1. CPU vs GPU: Fundamentally Different Design Philosophies

The difference between a CPU and GPU is not merely "more cores." The underlying design philosophy is fundamentally different.

CPU: Latency Optimization

A CPU is designed to execute a single thread as fast as possible. To achieve this, it incorporates:

  • Branch Prediction: Predicts if/else outcomes ahead of time to prevent pipeline stalls
  • Out-of-Order Execution: Executes independent instructions out of program order to keep the pipeline full
  • Speculative Execution: Computes down predicted branches before knowing if they're taken (the mechanism behind Spectre/Meltdown)
  • Massive Caches: Tens of megabytes of L1/L2/L3 cache to hide memory latency for a single thread

GPU: Throughput Optimization

A GPU is designed to maximize total throughput when thousands of threads run simultaneously. Individual thread latency is traded away — instead, when one thread stalls waiting for memory, the hardware instantly switches to another thread. Latency is hidden by parallelism.

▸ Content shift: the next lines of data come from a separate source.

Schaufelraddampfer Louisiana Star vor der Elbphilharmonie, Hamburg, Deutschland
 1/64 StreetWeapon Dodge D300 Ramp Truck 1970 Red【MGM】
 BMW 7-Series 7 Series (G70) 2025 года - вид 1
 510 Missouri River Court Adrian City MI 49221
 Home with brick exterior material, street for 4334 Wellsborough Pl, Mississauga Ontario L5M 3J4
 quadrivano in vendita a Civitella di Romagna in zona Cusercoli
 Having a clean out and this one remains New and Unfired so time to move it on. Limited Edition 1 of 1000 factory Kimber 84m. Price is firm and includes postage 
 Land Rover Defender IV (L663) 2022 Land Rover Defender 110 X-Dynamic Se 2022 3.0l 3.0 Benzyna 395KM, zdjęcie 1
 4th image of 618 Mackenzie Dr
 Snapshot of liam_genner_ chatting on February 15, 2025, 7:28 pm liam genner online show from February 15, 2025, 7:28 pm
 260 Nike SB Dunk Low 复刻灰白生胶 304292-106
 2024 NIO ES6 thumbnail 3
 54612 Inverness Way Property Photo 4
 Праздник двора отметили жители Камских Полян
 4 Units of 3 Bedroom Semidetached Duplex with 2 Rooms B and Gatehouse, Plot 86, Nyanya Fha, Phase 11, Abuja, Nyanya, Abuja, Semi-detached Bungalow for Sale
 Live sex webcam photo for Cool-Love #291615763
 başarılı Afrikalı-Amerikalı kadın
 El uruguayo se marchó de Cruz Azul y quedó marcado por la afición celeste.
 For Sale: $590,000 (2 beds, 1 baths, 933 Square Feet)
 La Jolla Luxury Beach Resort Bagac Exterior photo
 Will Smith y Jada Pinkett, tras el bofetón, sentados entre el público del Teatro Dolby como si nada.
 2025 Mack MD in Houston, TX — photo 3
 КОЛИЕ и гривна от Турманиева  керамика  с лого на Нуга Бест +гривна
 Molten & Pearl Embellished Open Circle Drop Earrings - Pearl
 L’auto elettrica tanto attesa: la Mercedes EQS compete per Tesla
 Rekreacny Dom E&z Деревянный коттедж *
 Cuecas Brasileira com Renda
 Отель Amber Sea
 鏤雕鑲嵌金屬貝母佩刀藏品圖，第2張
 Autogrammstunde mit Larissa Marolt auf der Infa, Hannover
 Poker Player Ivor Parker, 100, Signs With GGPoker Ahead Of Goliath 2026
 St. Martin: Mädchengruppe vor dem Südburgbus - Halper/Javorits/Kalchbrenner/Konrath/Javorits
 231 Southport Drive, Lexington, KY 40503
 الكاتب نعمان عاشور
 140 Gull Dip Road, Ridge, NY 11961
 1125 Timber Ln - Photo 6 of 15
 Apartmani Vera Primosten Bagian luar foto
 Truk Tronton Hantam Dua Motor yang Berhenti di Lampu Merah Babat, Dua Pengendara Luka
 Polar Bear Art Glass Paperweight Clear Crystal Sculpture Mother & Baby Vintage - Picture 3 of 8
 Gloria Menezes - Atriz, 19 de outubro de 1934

CPU Architecture (latency-optimized):
┌────────────────────────────────────────────┐
Core 0Core 1Core 2Core 3 (powerful)(powerful)(powerful)(powerful)OOO exec │ OOO exec │ OOO exec │ OOO exec │
├──────────┴──────────┴──────────┴───────────┤
L3 Cache (32MB+)├────────────────────────────────────────────┤
Main Memory (DDR5, ~50 GB/s)└────────────────────────────────────────────┘

GPU Architecture (throughput-optimized)H100:
┌──┬──┬──┬──┬──┬──┬──┬──┬──┬──┬──┐
SMSMSMSMSMSMSMSMSMSM...132 SMs
│  │  │  │  │  │  │  │  │  │  │   │  each SM = 128 CUDA cores
└──┴──┴──┴──┴──┴──┴──┴──┴──┴──┴───┘
       L2 Cache (50MB)
       HBM3 (80GB, 3.35 TB/s)

The key insight: a CPU tries to finish 1 thread in 1 ns. A GPU accepts that each thread might take 700 ns, but runs 100,000 threads simultaneously — total throughput wins overwhelmingly.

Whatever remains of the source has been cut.